Showing posts with label St. Augustine. Show all posts
Showing posts with label St. Augustine. Show all posts

Saturday, May 25, 2013

The Greatest of These Is... Guilt?

  It's been said that guilt is not a good motivator.  But that hasn't stopped the church from dishing out unhealthy doses of it every week.  In the most common setting, I think it is usually an unfortunate by-product of the noble efforts of every well-meaning spiritual cheerleader, from pastors to Sunday School teachers to summer youth camp speakers.  But in the worst case scenario it is piled on intentionally to elicit desired behaviors, from tithing to daily devotions to regular church attendance - to taking a turn in the church nursery.
  A young friend stopped over a couple of days ago for a visit and he got talking about the previous twelve years of spiritual defeat that he had experienced starting at age 14 when a youth leader challenged everyone to sign on to a 30-day Adventure that would include a daily quiet time of Bible reading, prayer, and journalling.  He never got past day 4, and if you missed a day you had to start over, so he dreaded each Sunday's meeting when the successful few would be awarded a pop tart or a music CD while he received a challenge to start over and do better.  He never did better, and he's had trouble motivating himself to read the Bible ever since.
  Obviously, his mentor didn't mean to cause him a lifetime of defeat; it was just a nasty consequence of an under-developed and adolescent spiritual appetite found wanting in a zealous spiritual environment.  He lately reviewed one of his journals from those days and found several entries that ended with a sleepy scribble off the edge of the page where he had fallen asleep while journalling.  Defeat after defeat.  Guilt.
  I think this guilt that so widely pervades the realm of Christian experience is a result of a works-based gospel.  Salvation is supposed to bring freedom, but then it is followed by this burden of holiness.  Though intended to be an encouragement toward a closer relationship with God, the Sunday sermon ends up being a challenge for us to pull ourselves up by our own boot straps - in five easy steps that spell an acronym.
  I think the church needs a reboot to a grace-based gospel.  An author and online pastor, John Fischer, says that "When you get close to God you don't become more spiritual, you become more loving."  Love is the outgrowth of our own gracious redemption.
  The true test of spirituality is not in your quiet time or your devotional life, it is in your loving behavior.  Jesus said the greatest commandment was to love the Lord, and He never mentioned it without connecting the second greatest commandment, to love your neighbor.  The apostle Paul even consolidated them, skipping the first and going directly to the second when he said, "The ENTIRE law is summed up in ONE command, love your neighbor as yourself."(Gal. 5:14)  He somehow left out daily devotions and a whole bunch of other stuff.
  I've often asserted that the first commandment is fulfilled through the second.  In other words, we demonstrate our love for God by loving our fellowman.  We may develop a closer relationship with the Lord through Bible reading and prayer, but we carry it out by expressing the love of Christ to others.
  The fruit of a dedicated life may not be in how many Bible verses we can quote, but in how many of our friends and neighbors are having a better life because of us.
  So being spiritual can be as simple as carrying the groceries in for the neighbor lady.  But if you miss that opportunity, don't feel guilty about it; you might get to help another time; there are a million ways to express the love of God in the world.  

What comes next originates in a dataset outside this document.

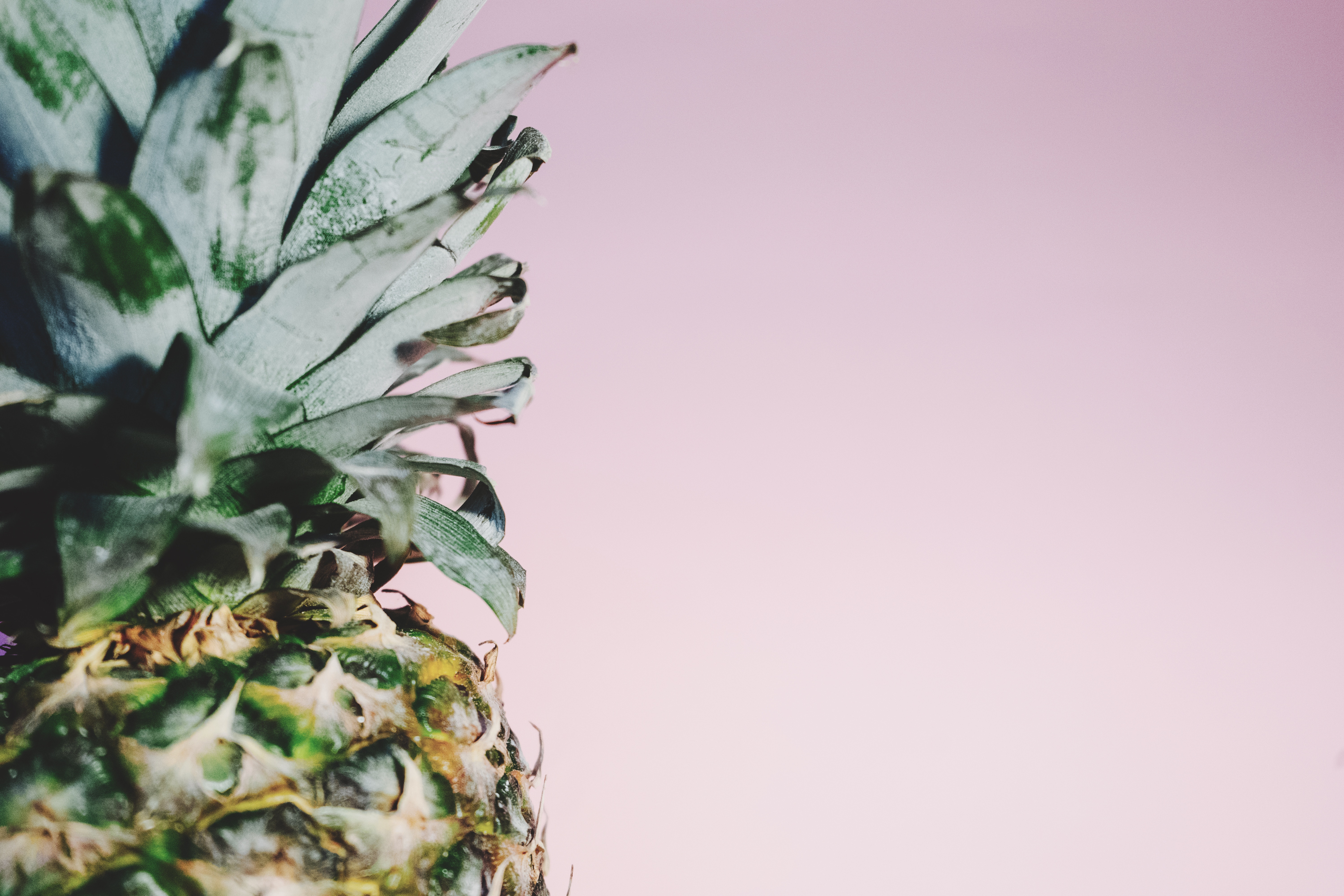 Close up of a pineapple with green leaves HD Wallpaper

  Don't let me or any preacher guilt you into anything - not even about being more loving.  If you are more loving next week, that will be good.  And if you are not, your salvation is not in danger.  God still loves you.  You can't be bad enough for God to stop loving you, so relax.  And if you want to read the Bible, do it.  And if not, don't.  You're not any farther away from heaven when there is dust on your Bible.  Not only that, but you would probably be much more spiritual if you'd spend your tithe on new tires for your poor neighbor's car than to give it to the church.
  "For we are saved by grace through faith... it is the gift of God, not of works (behavior) lest anyone should boast."(Eph.2:8-9)  Augustine once said, "Love God... then do as you please."  I would adjust that to say, "Demonstrate your love for God by loving your neighbor... and then do as you please."  So there's no long list of things you must do to be more holy, only the law of love.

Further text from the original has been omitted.